Aids-onderzoeker Jaap Goudsmit verruilt universiteit voor bedrijfsleven

Al vele jaren behoort Jaap Goudsmit (50) tot de internationale top van het aids-onderzoek. Hij was daardoor een van gezichtsbepalers van de Universiteit van Amsterdam. Het keurslijf van de academie begon echter te knellen. Vanaf deze maand leidt Goudsmit de afdeling Vaccinontwikkeling van biotechbedrijf Crucell.

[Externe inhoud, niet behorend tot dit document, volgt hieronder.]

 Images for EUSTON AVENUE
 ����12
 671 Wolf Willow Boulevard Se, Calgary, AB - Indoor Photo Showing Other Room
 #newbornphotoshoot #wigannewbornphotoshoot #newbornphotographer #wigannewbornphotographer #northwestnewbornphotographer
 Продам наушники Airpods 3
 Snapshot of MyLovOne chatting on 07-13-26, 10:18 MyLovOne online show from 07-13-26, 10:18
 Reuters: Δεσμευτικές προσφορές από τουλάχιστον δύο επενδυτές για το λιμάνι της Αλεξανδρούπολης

Zijn werkkamer in het Leidse hoofdkwartier van Crucell oogt gloednieuw en nog ongebruikt. ‘Zo heb ik het ook graag’, zegt viroloog Jaap Goudsmit monter. ‘Alsof er elk moment een ander zijn intrek kan nemen.’ Zijn nieuwe werkplek ademt dynamiek en beweging en dat is een welkome afwisseling met het starre universitaire bolwerk, zo lijkt de wetenschapper te willen onderstrepen.
Het gebeurt in Nederland niet elke dag dat toponderzoekers de overstap maken van de universiteit naar het bedrijfsleven. Aan degenen die het wel doen, kleeft al gauw het predikaat ‘zakkenvuller’. Goudsmit is zich hiervan bewust, maar vindt dit onterecht. ‘Ik ben nog steeds BIG-geregistreerd arts. Als het mij om het geld ging, was ik lang geleden als microbioloog voor een aantal Brabantse ziekenhuizen gaan werken. Dan zou ik zeker twee keer zoveel verdienen als nu bij Crucell.’

Tekortkomingen


Bovendien mogen sommigen dan wel hun wenkbrauwen fronsen, maar de overstap is lang niet zo groot als hij lijkt, vindt Goudsmit. ‘Na het afronden van mijn artsenstudie ben ik in 1978 naar de Verenigde Staten gegaan. Aan die tijd heb ik een Amerikaanse manier van werken overgehouden. Dat wil zeggen dat ik voor mijn onderzoek altijd veel gebruikmaakte van externe financiering.’ Mede daardoor had de viroloog persoonlijk weinig last van de tekortkomingen van het universitaire systeem. Want over dat systeem is hij na dertien jaar academie kritisch. ‘Het is niet toegesneden op toponderzoek. De universiteiten verdelen het geld democratisch over de verschillende

afdelingen en faculteiten. Je hebt in Nederland - met uitzondering van het Nederlands Kanker Instituut - geen centres of excellence. Ik zou graag hebben gezien dat er iets dergelijks was voor aids-onderzoek, dat in ons land immers zeer succesvol is. Maar dat zit er niet in. Ook is het principe van de matching hier onbekend: Als een onderzoeker op eigen initiatief 10 miljoen euro binnenhaalt, dan zal de universiteit daar niet nog eens 10 miljoen euro bijleggen. Die zal zich eerder tevredenstellen met de gedachte dat die ene wetenschapper nu van middelen is voorzien en dat er meer overblijft voor de rest. Universiteiten zijn misschien goede onderwijsinstellingen, maar daarmee niet per se goede onderzoeksinstellingen.’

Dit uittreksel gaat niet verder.